Previous index in an array c#

If you want to find the second max, you can mark the position of the first one and continue with your same approach. How can be done? 1- initialize an array of bool with the same length of the array where you want to find the max, then find the first max and mark that position in the second array with true, if you want the second max, make a loop through the array asking for the max and if that element is not marked in the second array of bool. Finally you will get the second max . Another idea is taking the values in a list and once you find the max, remove the max from the list to continue with the same algorithm but with an array of less values

static int Max(int [] num)
{
    int max = num[0];

    for(int i = 0; i < num.Length; i ++)
    {
        if(num[i] > max)
            max = num[i];
    }

    return max;
}

static int SecondMax(int[]a)
{
    if(a.Length < 2) throw new Exception("....");

    int count = 0; 
    int max = Max(a);
    int[]b = new int[a.Length];

    for(int i = 0; i < a.Length; i ++)
    {
        if(a[i] == max && count == 0)
        {
            b[i] = int.MinValue; 
            count ++;
        }
        else b[i] = a[i];
    }

    return Max(b);
 }

Honestly, the question feels a bit unusual, so if you share why you're trying to do this, maybe someone could suggest a better approach. However, to answer your original question, you can just use .NET's random number generator.

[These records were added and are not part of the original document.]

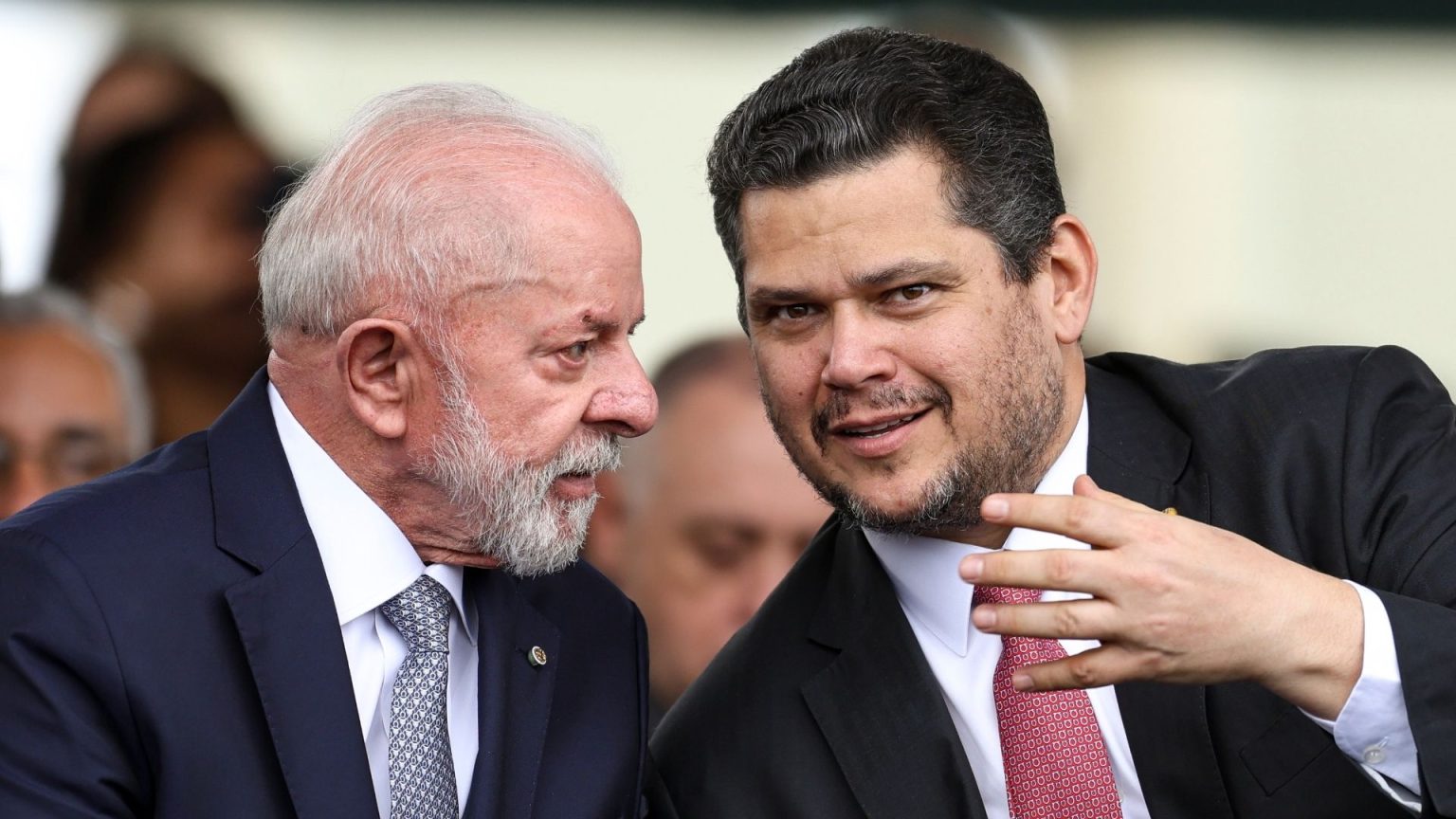 Alcolumbre cancela sabatina de Messias e responsabiliza Lula por omissão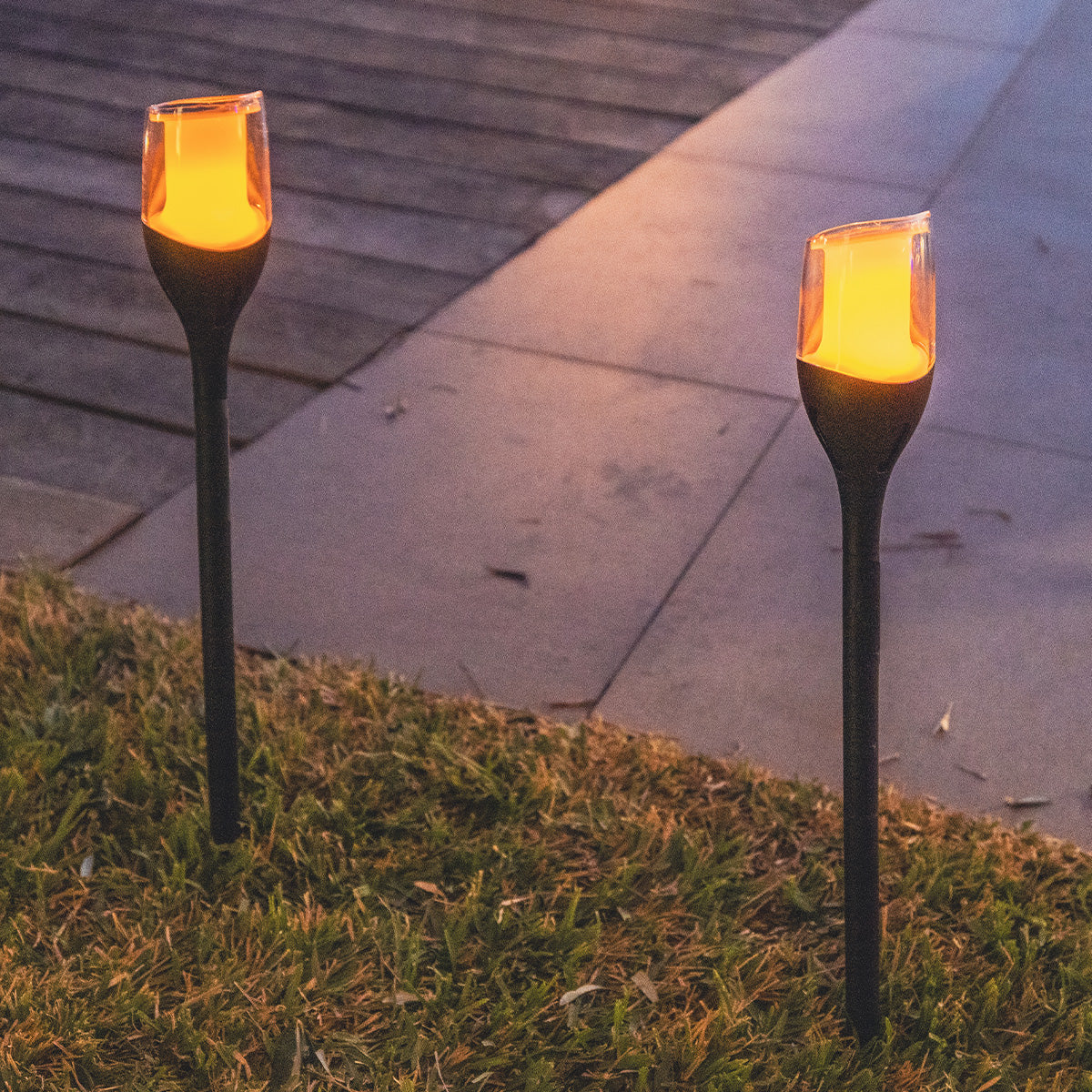 Lot de 4 torches solaires effet flamme LED blanc chaud 4X FARELY H64,5cm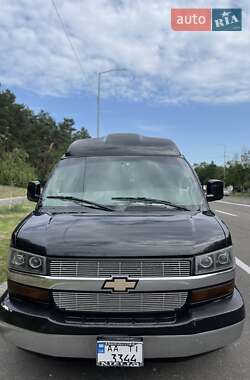 Минивэн Chevrolet Express 2004 в 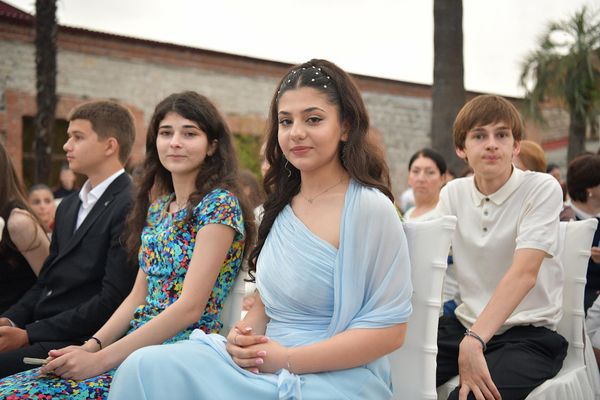 Девушки в нарядных образах, парни в смокингах - выпускники ответственно подготовились к выпускному. - Sputnik Абхазия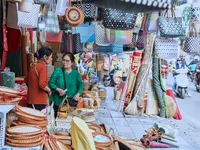 Ministry proposes increasing tax-free revenue threshold for household businesses to 500 million VND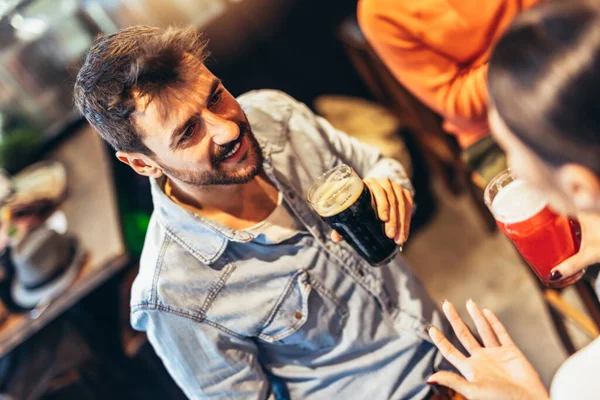 若いカップルを笑顔でバーでさまざまな種類のクラフトビール — ストック写真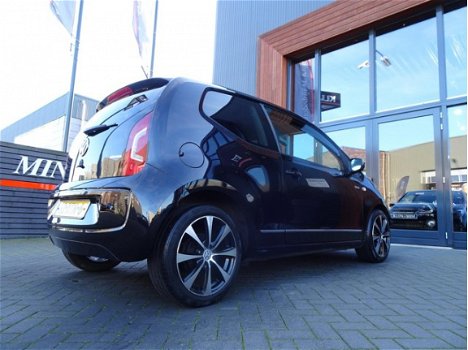 Volkswagen Up! - 1.0 high up BlueMotion Black edition/navi/48.000km - 1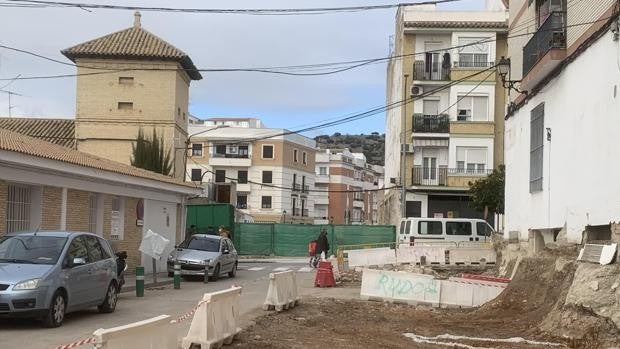 El nuevo vial de Cabra comienza a construirse después de dos décadas de bloqueo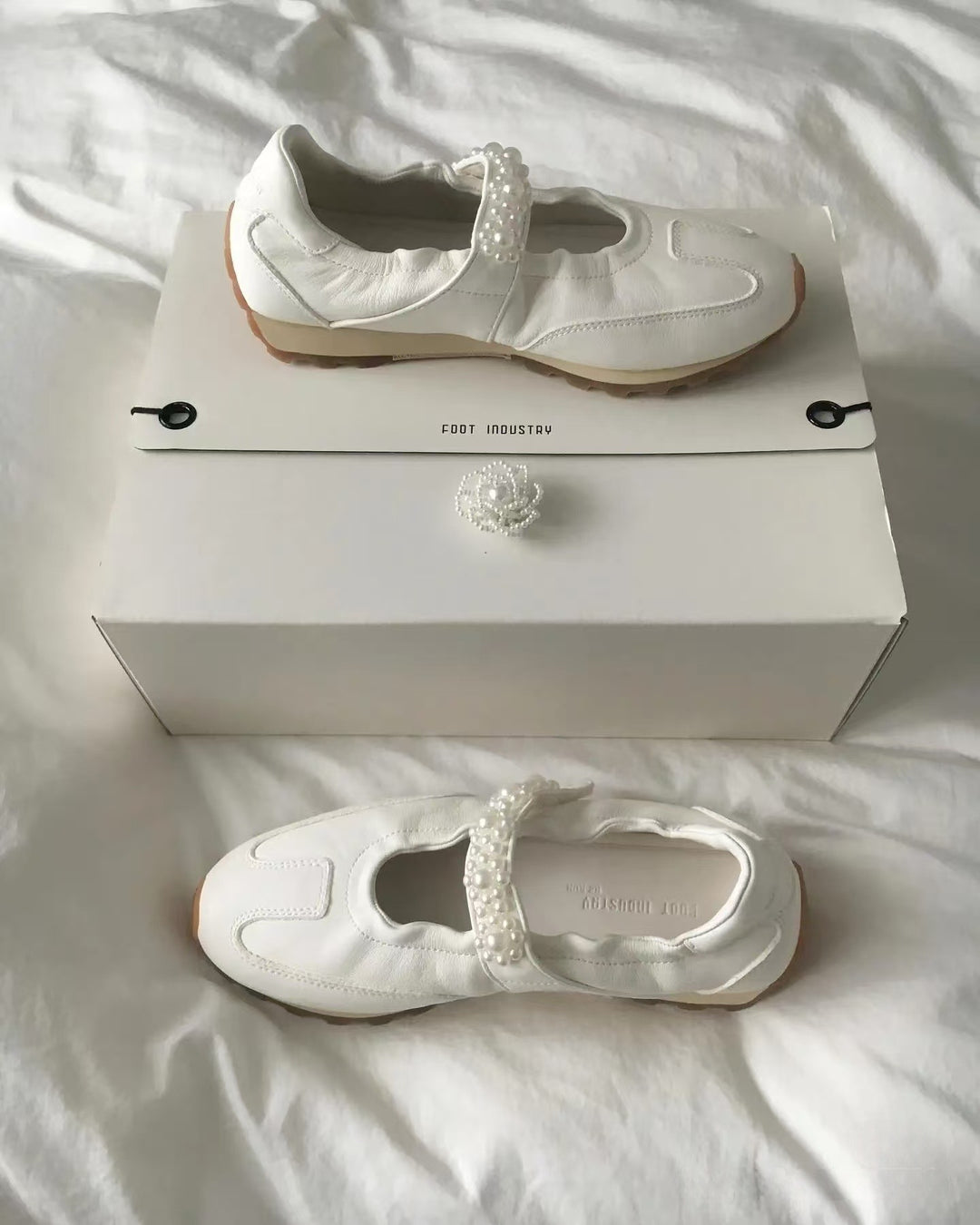 Damen Sneakers mit elegantem Perlenakzent und modischem Design R&B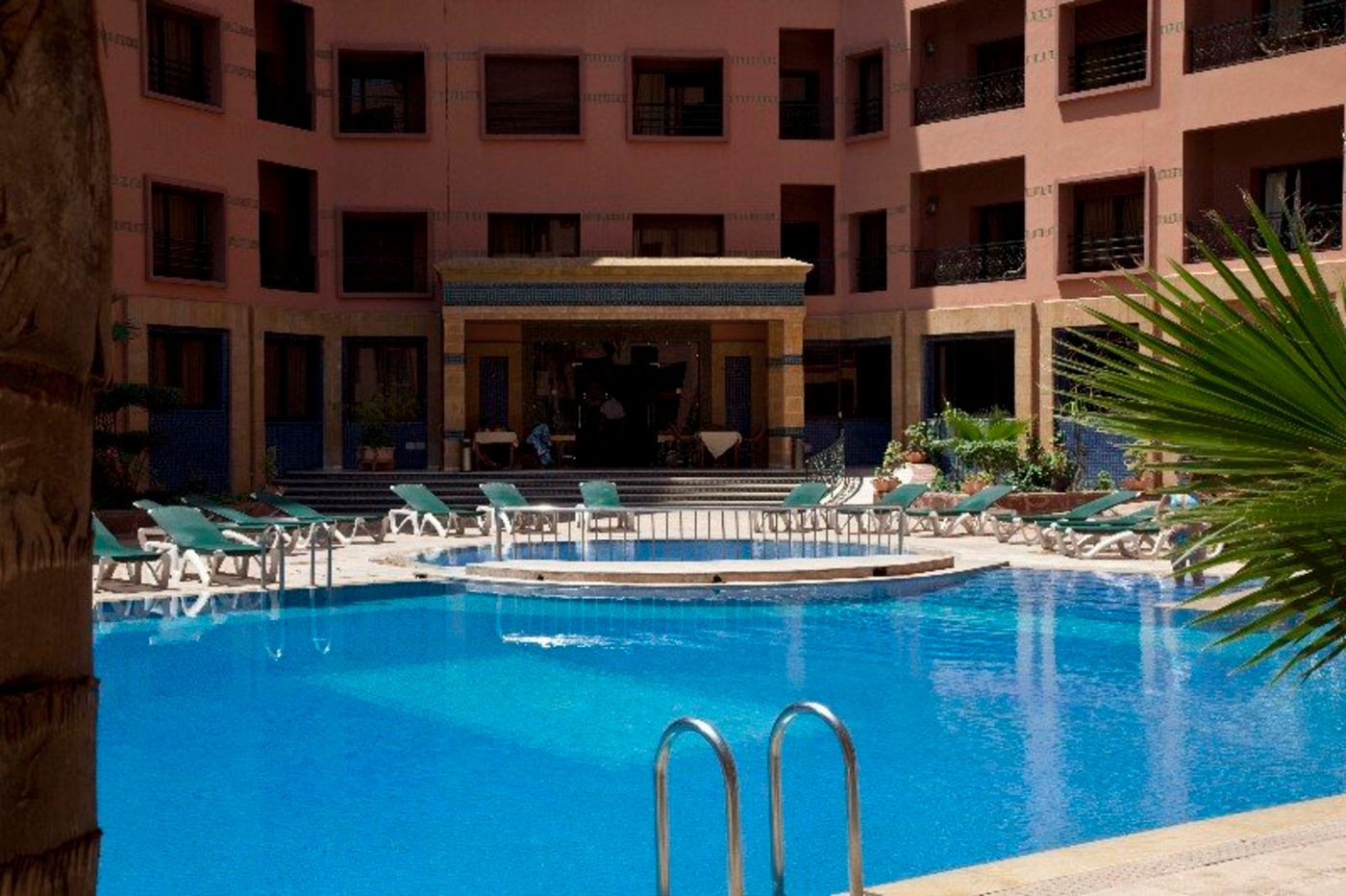 Mogador-Menzah-Appart-H-tel-Pool-5
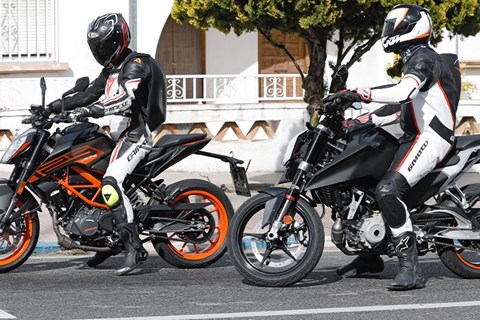 Komplett neu! - KTM 125 Duke 2023 Prototyp gesichtet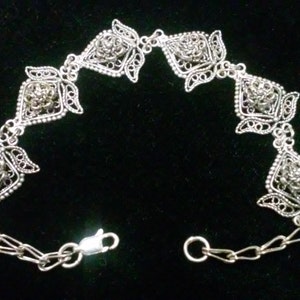 Vintage Sterling Silver Floral Filigree Linked Panel Bracelet, Flower Design image 4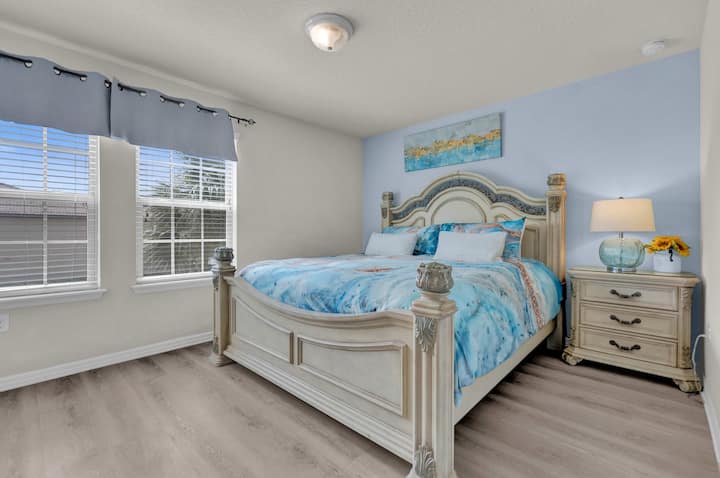 חדר שינה מס' 8 - קומה שנייה, מיטת קינג סייז, ארון עם קולבים, טלוויזיה 32 אינץ'.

    int[] myArray = new int[] { 9, 8, 7, 3, 4, 5, 6, 2, 1 };
    Random random = new Random();

    for (int max = myArray.Max(); max > 0; max = myArray.Max())
    {
        int index = myArray.IndexOf(max);

        DoSomething(max);

        myArray[index] = random.Next(0, max);
    }

From the MSDN doco on Random, the upper bound is exclusive, which means that it will generate a random number between 0 and max-1, unless max==0, in which case it will return 0.